Introduction

Hello!

Welcome to our resource book! It has been a labour of love and conviction to put these materials together and it’s dedicated to all of you and the important literacy work you are doing in your communities.

We imagine you to be just like us -a group of street women, volunteers, community development workers and literacy instructors. We are women who care about each other and believe that every woman deserves a place where she can reflect, learn, heal and create.

Most women living and working the streets don’t have that learning space. The street is a dangerous and dehumanizing place for women. Your identity becomes invisible and unimportant and your soul is eroded.

When we began our literacy project at a drop in for female sex-trade workers in Vancouver’s Downtown Eastside, many people thought it would not work.

“Women are not ready to learn.”

“Women need to clean up (be alcohol and drug free and not working in the sex-trade”) before they can begin their upgrading.”

“How can you deliver a literacy program in a chaotic drop-in centre?

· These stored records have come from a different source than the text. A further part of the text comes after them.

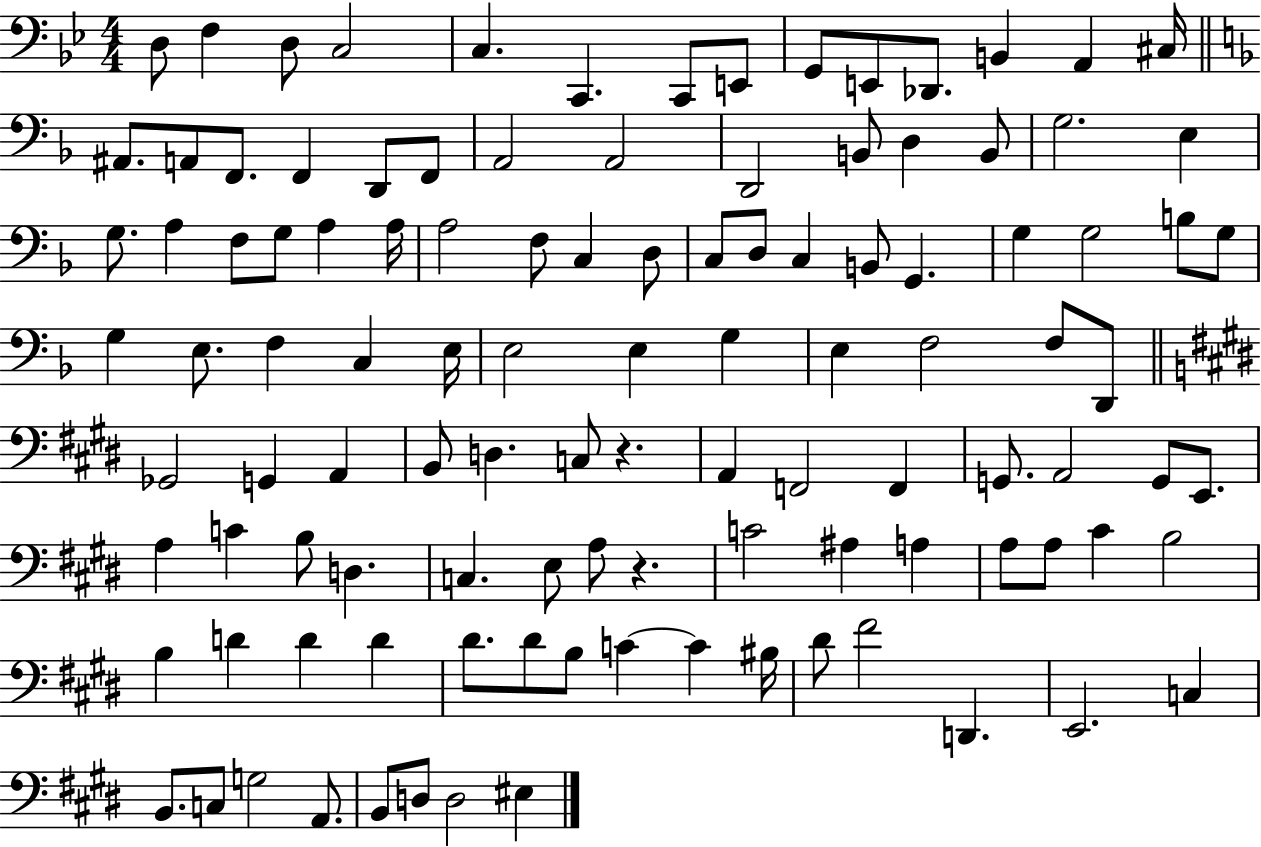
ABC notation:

X:1
T:Untitled
M:4/4
L:1/4
K:Bb
D,/2 F, D,/2 C,2 C, C,, C,,/2 E,,/2 G,,/2 E,,/2 _D,,/2 B,, A,, ^C,/4 ^A,,/2 A,,/2 F,,/2 F,, D,,/2 F,,/2 A,,2 A,,2 D,,2 B,,/2 D, B,,/2 G,2 E, G,/2 A, F,/2 G,/2 A, A,/4 A,2 F,/2 C, D,/2 C,/2 D,/2 C, B,,/2 G,, G, G,2 B,/2 G,/2 G, E,/2 F, C, E,/4 E,2 E, G, E, F,2 F,/2 D,,/2 _G,,2 G,, A,, B,,/2 D, C,/2 z A,, F,,2 F,, G,,/2 A,,2 G,,/2 E,,/2 A, C B,/2 D, C, E,/2 A,/2 z C2 ^A, A, A,/2 A,/2 ^C B,2 B, D D D ^D/2 ^D/2 B,/2 C C ^B,/4 ^D/2 ^F2 D,, E,,2 C, B,,/2 C,/2 G,2 A,,/2 B,,/2 D,/2 D,2 ^E,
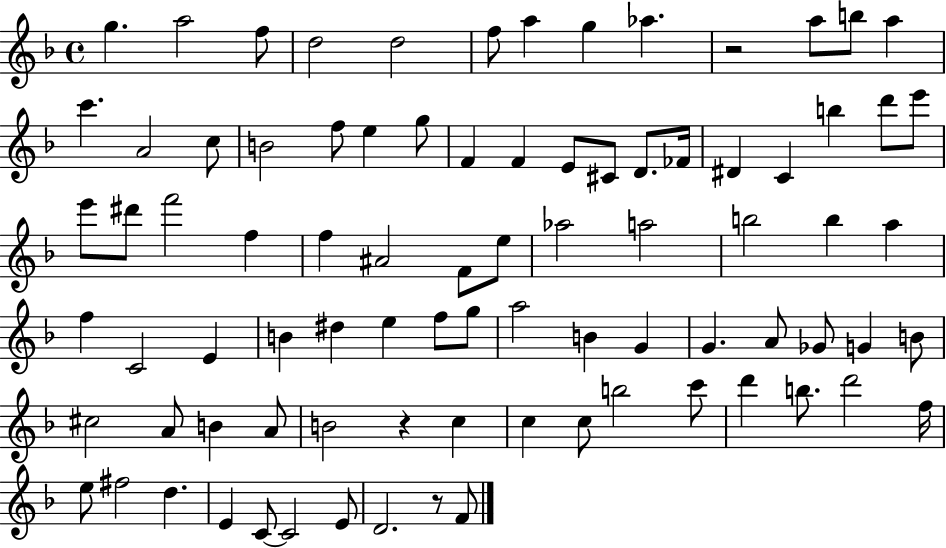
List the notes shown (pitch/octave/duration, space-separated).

G5/q. A5/h F5/e D5/h D5/h F5/e A5/q G5/q Ab5/q. R/h A5/e B5/e A5/q C6/q. A4/h C5/e B4/h F5/e E5/q G5/e F4/q F4/q E4/e C#4/e D4/e. FES4/s D#4/q C4/q B5/q D6/e E6/e E6/e D#6/e F6/h F5/q F5/q A#4/h F4/e E5/e Ab5/h A5/h B5/h B5/q A5/q F5/q C4/h E4/q B4/q D#5/q E5/q F5/e G5/e A5/h B4/q G4/q G4/q. A4/e Gb4/e G4/q B4/e C#5/h A4/e B4/q A4/e B4/h R/q C5/q C5/q C5/e B5/h C6/e D6/q B5/e. D6/h F5/s E5/e F#5/h D5/q. E4/q C4/e C4/h E4/e D4/h. R/e F4/e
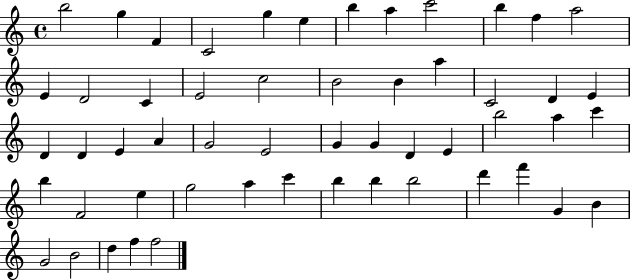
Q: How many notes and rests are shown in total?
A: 54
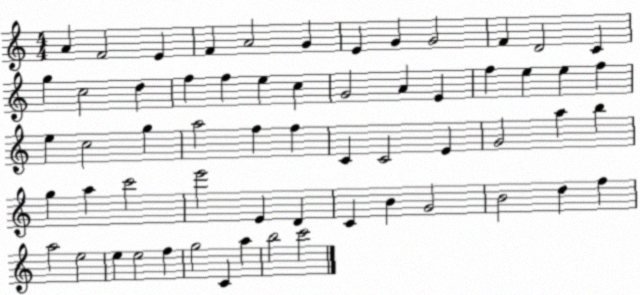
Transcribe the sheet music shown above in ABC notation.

X:1
T:Untitled
M:4/4
L:1/4
K:C
A F2 E F A2 G E G G2 F D2 C g c2 d f f e c G2 A E f e e f e c2 g a2 f f C C2 E G2 a b g a c'2 e'2 E D C B G2 B2 d f a2 e2 e e2 f g2 C a b2 c'2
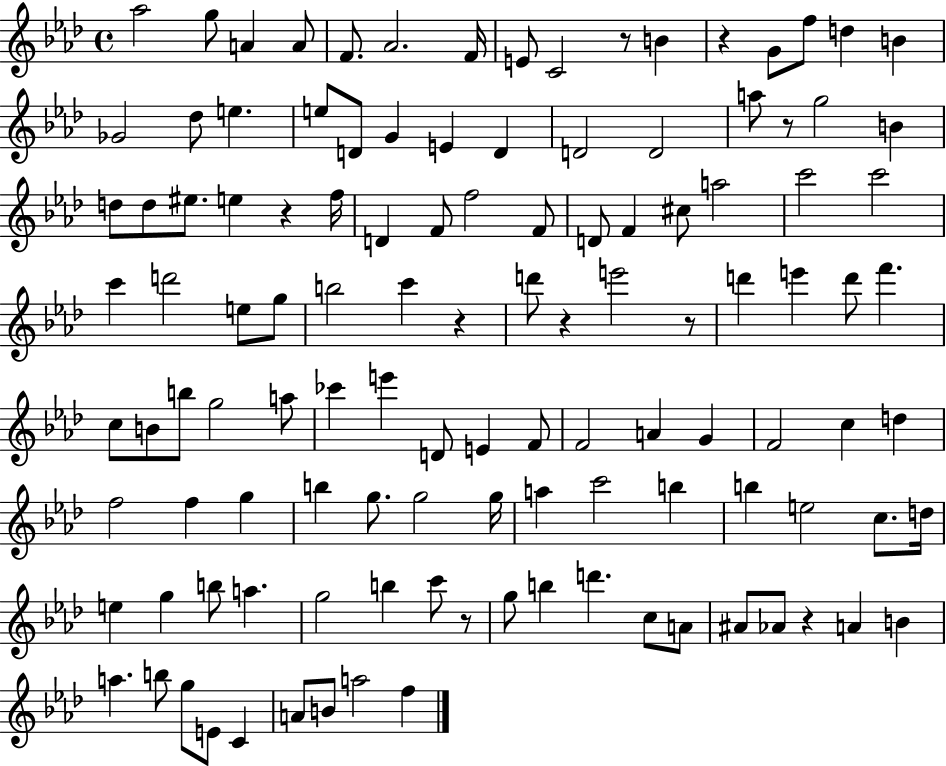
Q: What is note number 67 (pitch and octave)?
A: G4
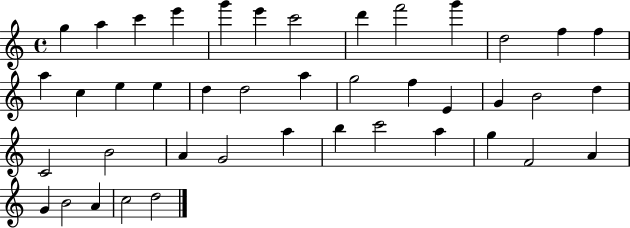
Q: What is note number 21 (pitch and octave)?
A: G5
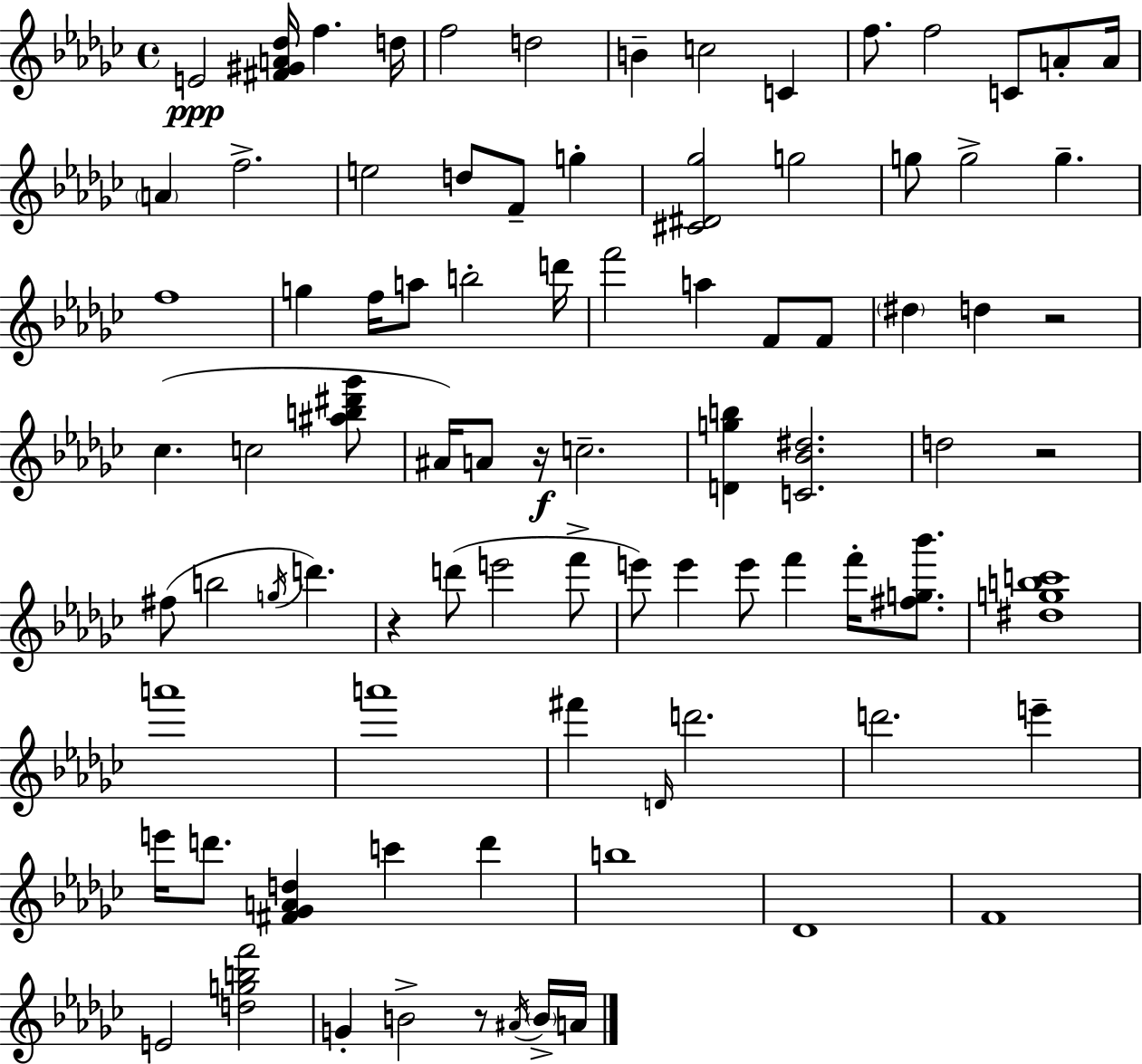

Instead, we found the opposite. Women are eager and interested in learning. Women on the street long for a place to be creative, write poetry and reflect on their lives. Women at WISH have a lot to say about themselves, their organization and the way society treats its most vulnerable population. We also found that literacy programming needed a re-definition if learning was to be appropriate and accessible to women who are fighting a daily struggle of survival. When we started the WISH Learning Centre, we could not find any learning materials that were directly applicable.